HOW TO COMPLETE THIS TASK:
The records below must be returned exactly, with every picture left out.

Start of Block

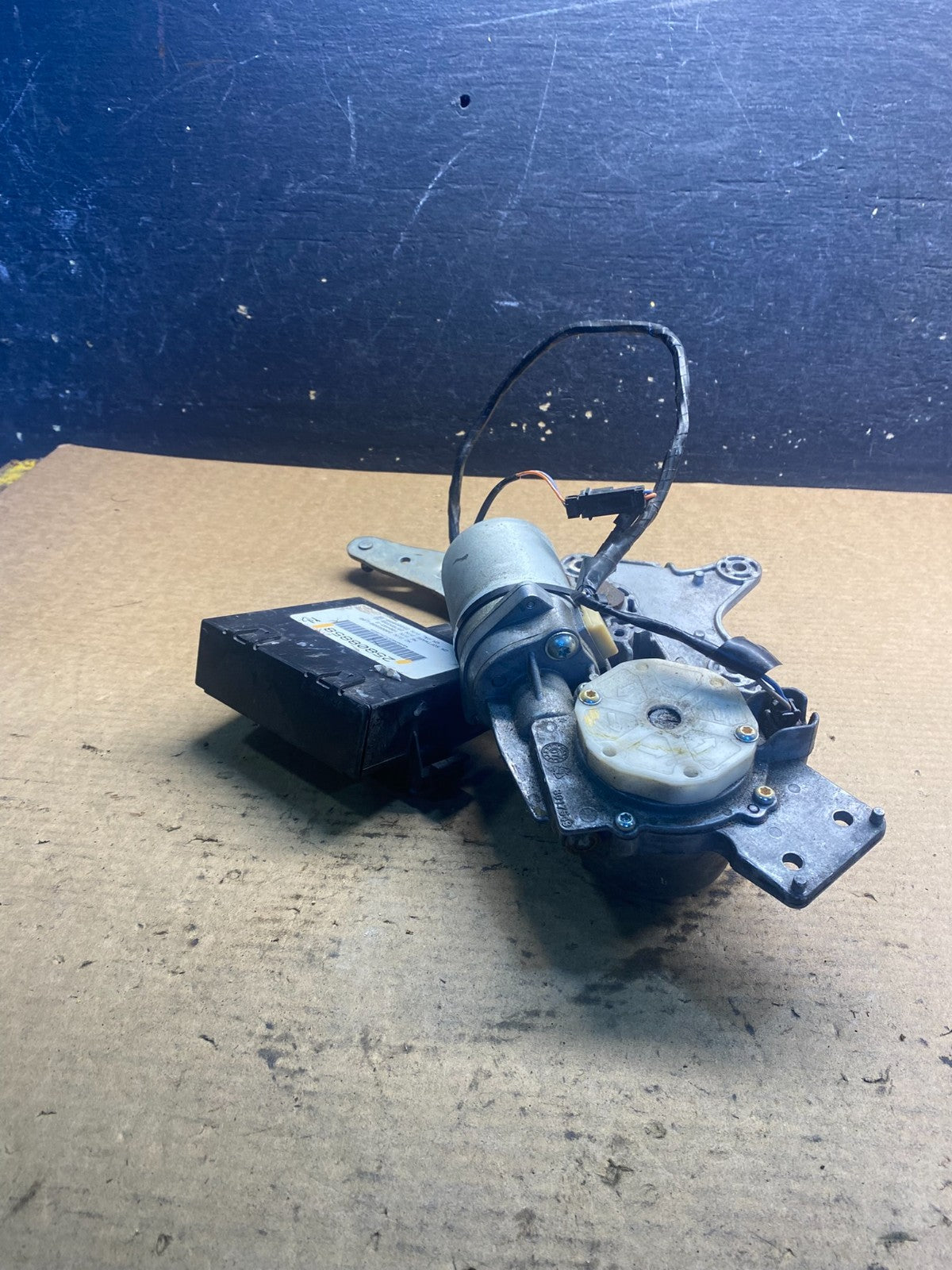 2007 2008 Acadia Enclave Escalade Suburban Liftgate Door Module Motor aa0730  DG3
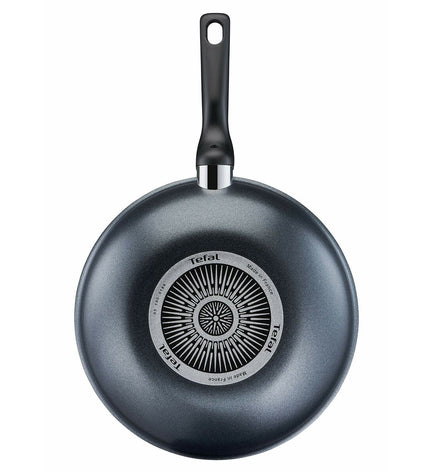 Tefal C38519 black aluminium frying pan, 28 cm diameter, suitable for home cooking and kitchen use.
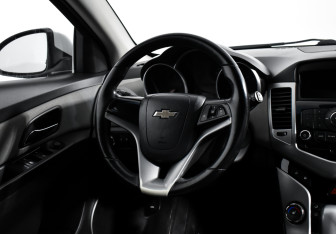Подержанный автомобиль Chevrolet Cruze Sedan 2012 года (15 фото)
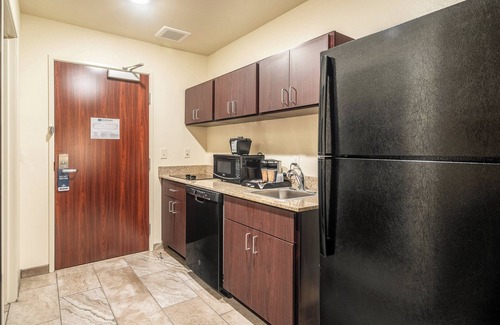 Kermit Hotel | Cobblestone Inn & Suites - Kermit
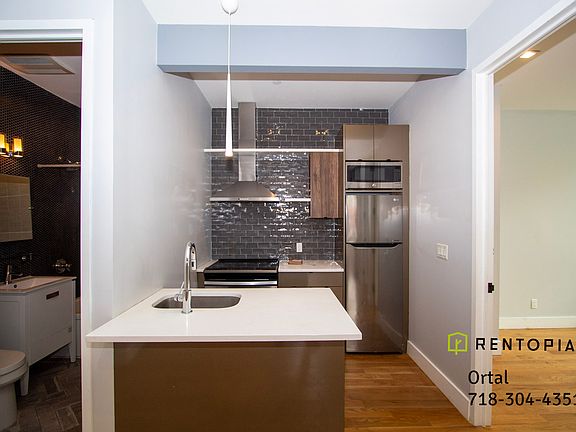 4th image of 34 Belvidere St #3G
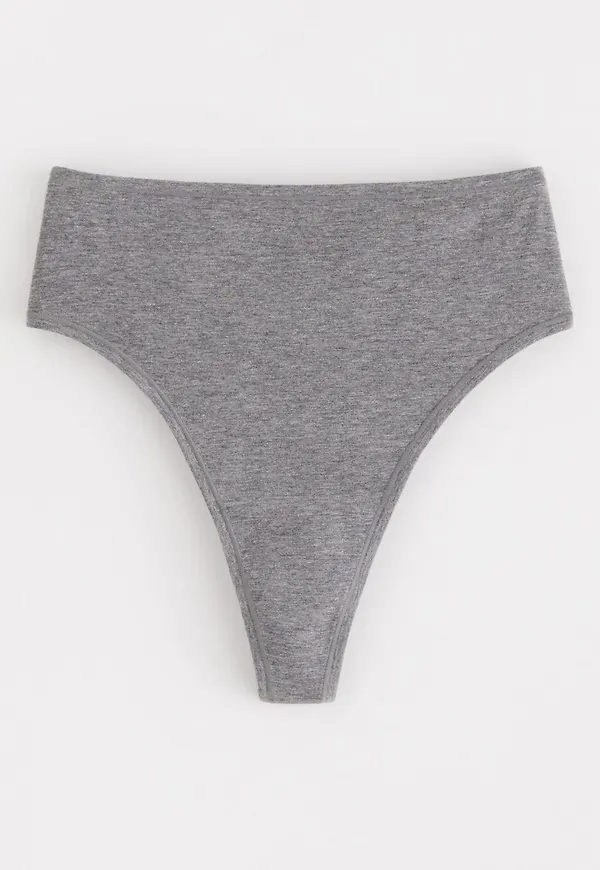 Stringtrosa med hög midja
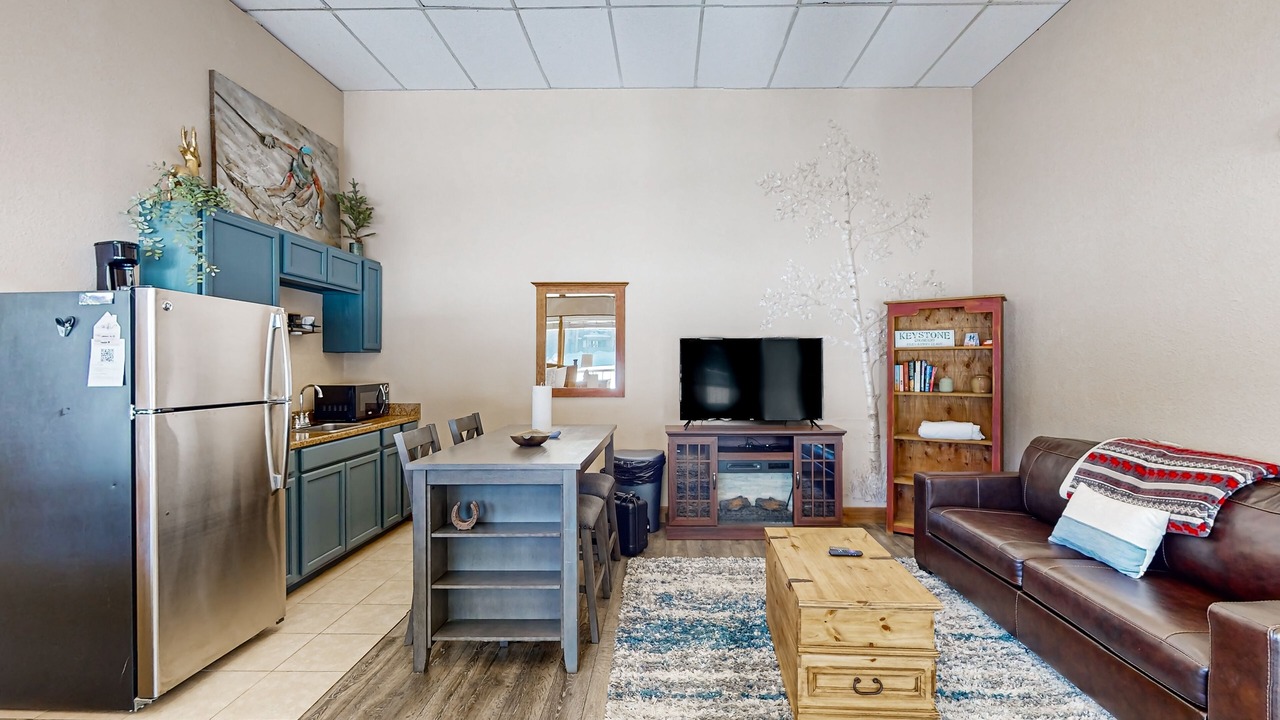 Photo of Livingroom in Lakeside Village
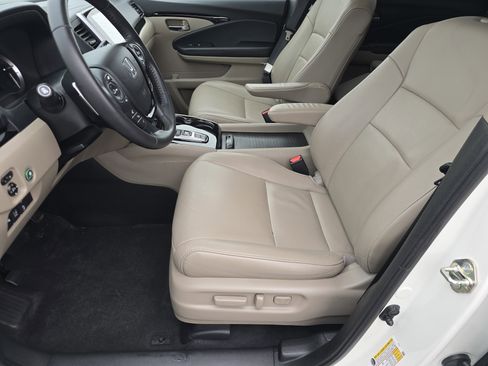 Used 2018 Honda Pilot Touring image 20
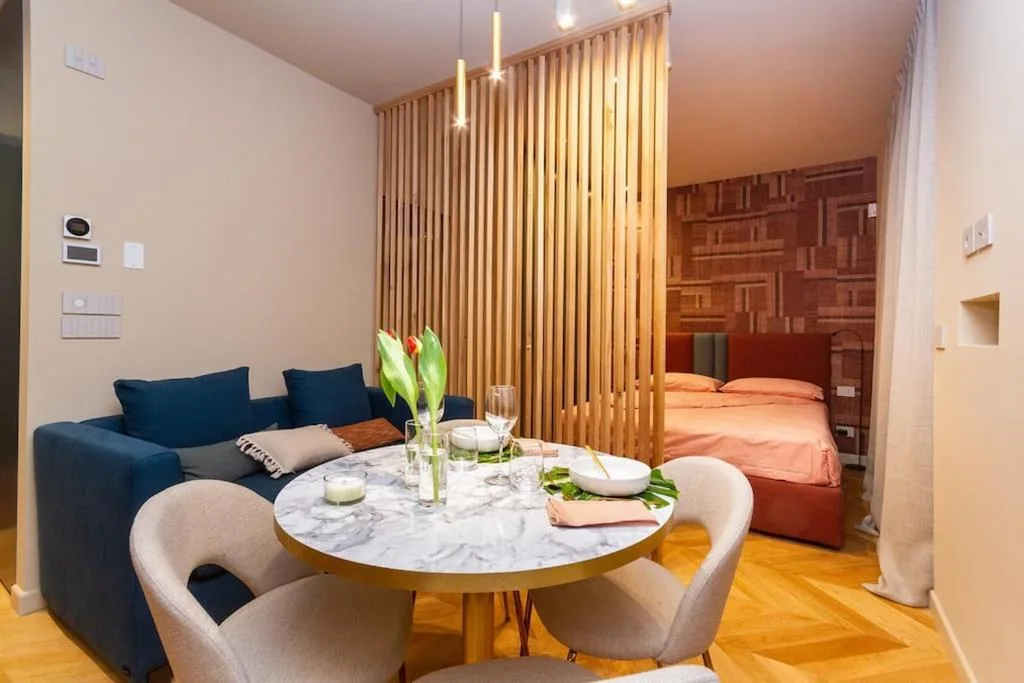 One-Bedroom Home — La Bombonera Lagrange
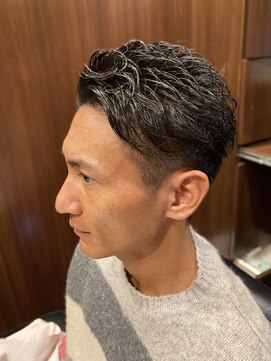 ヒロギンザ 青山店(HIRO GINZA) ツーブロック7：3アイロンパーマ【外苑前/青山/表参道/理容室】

End of Block

ANSWER BOX:
 2007 2008 Acadia Enclave Escalade Suburban Liftgate Door Module Motor aa0730  DG3
 Tefal C38519 black aluminium frying pan, 28 cm diameter, suitable for home cooking and kitchen use.
Подержанный автомобиль Chevrolet Cruze Sedan 2012 года (15 фото)
 Kermit Hotel | Cobblestone Inn & Suites - Kermit
 4th image of 34 Belvidere St #3G
 Stringtrosa med hög midja
 Photo of Livingroom in Lakeside Village
 Used 2018 Honda Pilot Touring image 20
 One-Bedroom Home — La Bombonera Lagrange
 ヒロギンザ 青山店(HIRO GINZA) ツーブロック7：3アイロンパーマ【外苑前/青山/表参道/理容室】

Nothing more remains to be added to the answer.